Q: You also represent workers across a wide spectrum of income levels. On the one hand, you have home-care workers who are at the bottom of the pay scale. On the other, you have physicians with six-figure incomes. How does that all mesh into a single labor force?

A: All these workers actually have a number of things in common. First, they are all looking for a way to make their voice heard. Home workers, because of their economic situation, are much more inclined to look for support around wages and benefits and being able to raise a family and get a good education for their children. Doctors are much more interested that their voice be heard at the bedside around quality patient care and issues involving the practice of medicine. But in each case, though their voice may be speaking about different needs, they are unified in their desire to be heard. In fact, having such different types of workers organized within our union brings us a lot of strength.

Q: While many people might easily accept the idea of a union for building-service workers or home-health-care providers, the idea of a doctor with a union card is foreign and even abhorrent to many. Why should someone choose a physician in a union, and how will union affiliation improve doctors' ability to practice medicine?

A: Doctors are joining unions because they are concerned about being able to continue to provide capable, quality care to their patients. Doctors don't like being told that they have only 10 minutes per patient. They don't like so-called managed-care organizations telling them what procedures they can perform or what tests they can authorize. I would think that people would want to go to a doctor who is fighting for their interest and not to one who is just trying to achieve the objectives of a managed-care organization.

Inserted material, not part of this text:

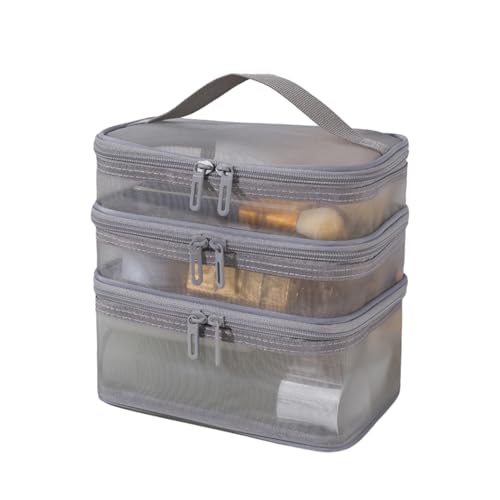 Transparente Kosmetiktasche mit Reißverschluss, Netztasche, mehrschichtige Tasche mit sichtbarem Reißverschluss, Tragegriff, Reise-Make-up-Organizer für Klassifizierung, Grau von SHINROAD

Q: But there are some serious problems with unions in the public mind. There is a general perception that many unions suffer from internal corruption. There is also a feeling, even among union members, that union leaders are often nonresponsive. How are you and other union leaders addressing these perceptions?

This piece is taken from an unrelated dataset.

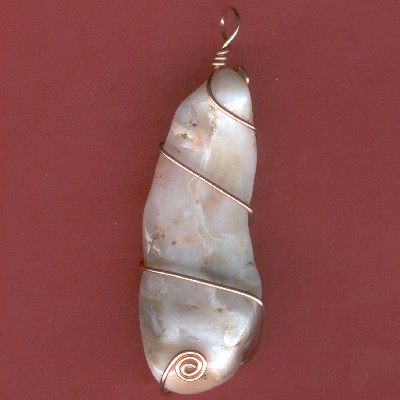 Long in the Tooth Chalcedony Pendant - Handcrafted Jewelry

A: The union movement had a period when it represented one in every three American workers, and it was enormously successful. Then the world changed and for a long time the labor movement didn't. Our industries changed, and we became part of a global community and economy. I think the labor movement was very slow to respond. Like many corporations, it didn't respond, and because of that we suffered, and our members suffered. But now I think we're seeing a generational change in the leadership of unions, with new people bringing fresh ideas to the movement.

As to the issue of corruption, as in any organization, there is a tremendous need for financial integrity within union leadership. I think when leaders forget they are a voice for their members and that their position is a privilege and not a right, there are all kinds of negative connotations. I believe that the labor movement, just [like] any institution moving into the 21st century, is going to have to constantly think about how to stay vibrant and ahead of the times. We live in a lightning-fast world, and we can't have a lumbering, slow-moving labor movement.

Q: Another problem with the labor movement is competition between unions for workers, and this intra-union squabbling has often come at the expense of workers. How do you see unions improving the way they work with each other to eliminate these turf battles?

A: I think we are now at an enormously important time in history, when many industries are consolidating and where unions, if they are going to change our members lives, need to have expertise and focus. We're not going to be successful trying to organize hotel workers. Our expertise is in health care. I hope we are coming to understand that unions need to support each other and not compete across industries for workers.